Artifacts are saved into `../output/readmitted_binary/`.


In [None]:

# =========================
# 6) Evaluation helpers
# =========================
def save_confusion_matrix(cm, title, filename):
    plt.figure(figsize=(6, 5))
    plt.imshow(cm, interpolation="nearest")
    plt.title(title)
    plt.colorbar()
    tick_marks = np.arange(2)
    plt.xticks(tick_marks, ["0", "1"])
    plt.yticks(tick_marks, ["0", "1"])
    thresh = cm.max() / 2.0
    for i in range(cm.shape[0]):
        for j in range(cm.shape[1]):
            plt.text(j, i, format(int(cm[i, j]), "d"),
                     ha="center", va="center",
                     color="white" if cm[i, j] > thresh else "black")
    plt.ylabel("True label")
    plt.xlabel("Predicted label")
    plt.tight_layout()
    plt.savefig(filename, dpi=150)
    plt.close()

def save_roc_curve(y_true, y_prob, title, filename):
    fpr, tpr, _ = roc_curve(y_true, y_prob)
    auc_val = roc_auc_score(y_true, y_prob)
    plt.figure(figsize=(7, 6))
    plt.plot(fpr, tpr, label=f"AUC = {auc_val:.4f}")
    plt.plot([0, 1], [0, 1], linestyle="--")
    plt.xlabel("False Positive Rate")
    plt.ylabel("True Positive Rate")
    plt.title(title)
    plt.legend(loc="lower right")
    plt.tight_layout()
    plt.savefig(filename, dpi=150)
    plt.close()
    return auc_val

def evaluate_and_save(name, model, X_test, y_test):
    y_pred = model.predict(X_test)
    if hasattr(model, "predict_proba"):
        y_prob = model.predict_proba(X_test)[:, 1]
    else:
        y_prob = model.decision_function(X_test)
        y_prob = (y_prob - y_prob.min()) / (y_prob.max() - y_prob.min() + 1e-9)

    auc_val = roc_auc_score(y_test, y_prob)
    acc = accuracy_score(y_test, y_pred)
    prec = precision_score(y_test, y_pred, zero_division=0)
    rec = recall_score(y_test, y_pred, zero_division=0)
    f1 = f1_score(y_test, y_pred, zero_division=0)

    print(f"\n=== {name} (Test Set) ===")
    print(f"ROC-AUC: {auc_val:.4f}")
    print(f"Accuracy: {acc:.4f} | Precision: {prec:.4f} | Recall: {rec:.4f} | F1: {f1:.4f}")
    print("\nClassification Report:")
    print(classification_report(y_test, y_pred, digits=4))

    cm = confusion_matrix(y_test, y_pred)
    cm_path = os.path.join(OUT_DIR, f"confusion_matrix_{name}.png")
    save_confusion_matrix(cm, f"Confusion Matrix - {name}", cm_path)

    roc_path = os.path.join(OUT_DIR, f"roc_{name}.png")
    save_roc_curve(y_test, y_prob, f"ROC Curve - {name}", roc_path)

    return {"Model": name, "ROC_AUC": auc_val, "Accuracy": acc, "Precision": prec, "Recall": rec, "F1": f1}

best_lr = lr_grid.best_estimator_
best_xgb = xgb_grid.best_estimator_

results = []
results.append(evaluate_and_save("LogReg_GridSearch", best_lr, X_test, y_test))
results.append(evaluate_and_save("XGB_GridSearch", best_xgb, X_test, y_test))
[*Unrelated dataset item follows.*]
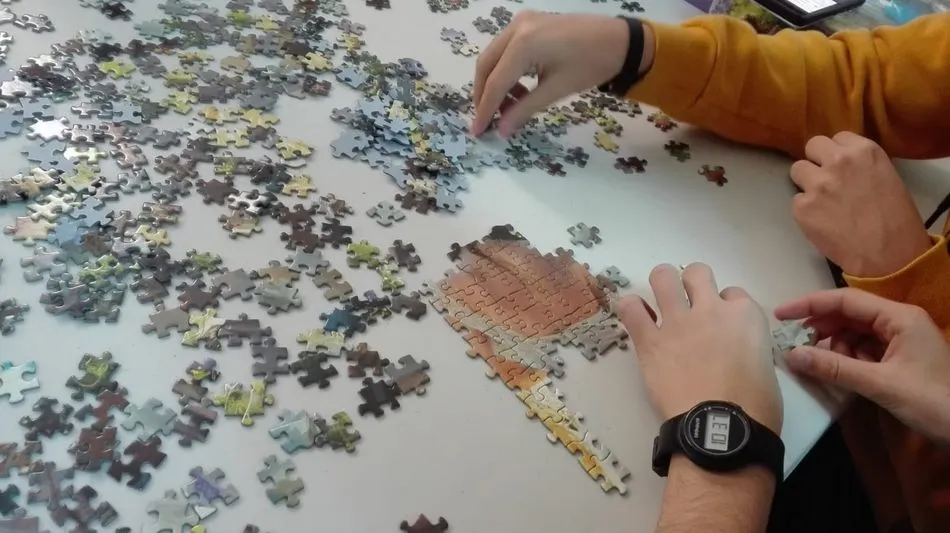 Foto 2 - El equipo de j&oacute;venes de Pedrosillo de Alba vuelve a ganar el Concurso Provincial de Puzzles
results_df = pd.DataFrame(results).sort_values("ROC_AUC", ascending=False)
results_df


---
## 7) Save Summary Table + Optional Feature Importance (XGBoost)


In [None]:

# =========================
# 7) Save summary + feature importance
# =========================
summary_path = os.path.join(OUT_DIR, "model_comparison_summary_gridsearch.csv")
results_df.to_csv(summary_path, index=False)
print("Saved:", os.path.abspath(summary_path))

# Feature importance (Top 15) for XGBoost
if hasattr(best_xgb, "feature_importances_"):
    importances = pd.Series(best_xgb.feature_importances_, index=X.columns).sort_values(ascending=False).head(15)
    fi_csv = os.path.join(OUT_DIR, "feature_importance_XGB_GridSearch_top15.csv")
    importances.to_csv(fi_csv, header=["importance"])
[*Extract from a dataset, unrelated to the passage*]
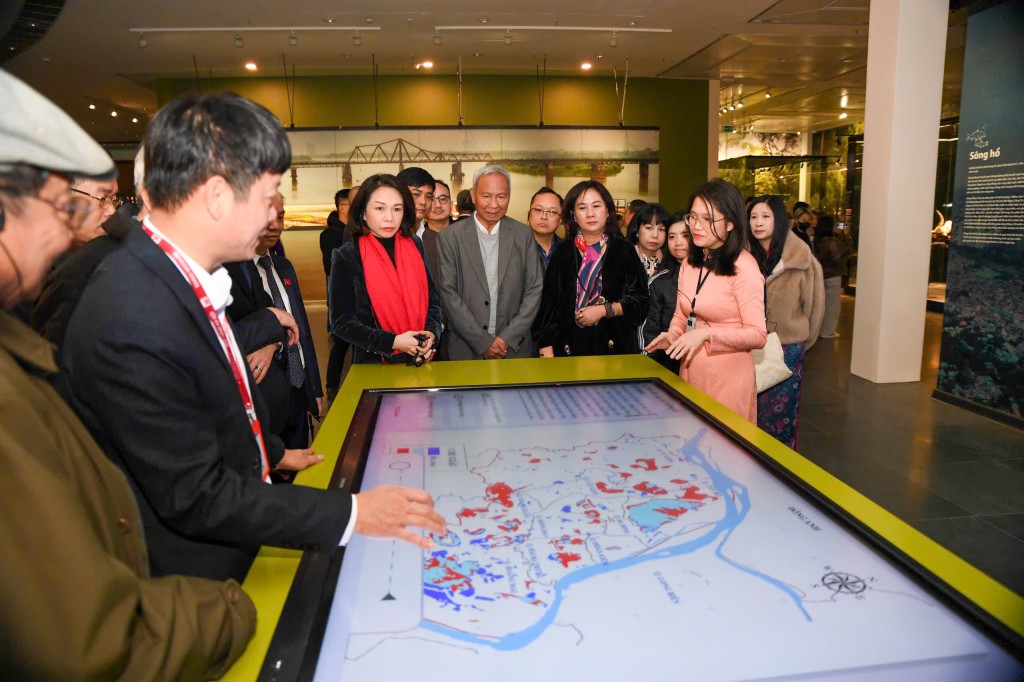 Các đại biểu đi tham quan không gian hệ thống trưng bày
    plt.figure(figsize=(10, 6))
    importances.sort_values().plot(kind="barh")
    plt.title("Top 15 Feature Importances - XGBoost (GridSearch Best Model)")
    plt.xlabel("Importance")
    plt.tight_layout()
    fi_png = os.path.join(OUT_DIR, "feature_importance_XGB_GridSearch_top15.png")
    plt.savefig(fi_png, dpi=150)
    plt.close()

    print("Saved:", os.path.abspath(fi_csv))
    print("Saved:", os.path.abspath(fi_png))


---
## 8) Interpretation (Non-Technical Takeaway)
- **ROC-AUC** evaluates how well the model ranks high-risk patients across different thresholds (helpful when classes are imbalanced).
- **GridSearchCV + 5-fold stratified CV** reduces the risk of overfitting to a single train/test split.
- **XGBoost feature importance** supports interpretability and can guide discharge planning actions.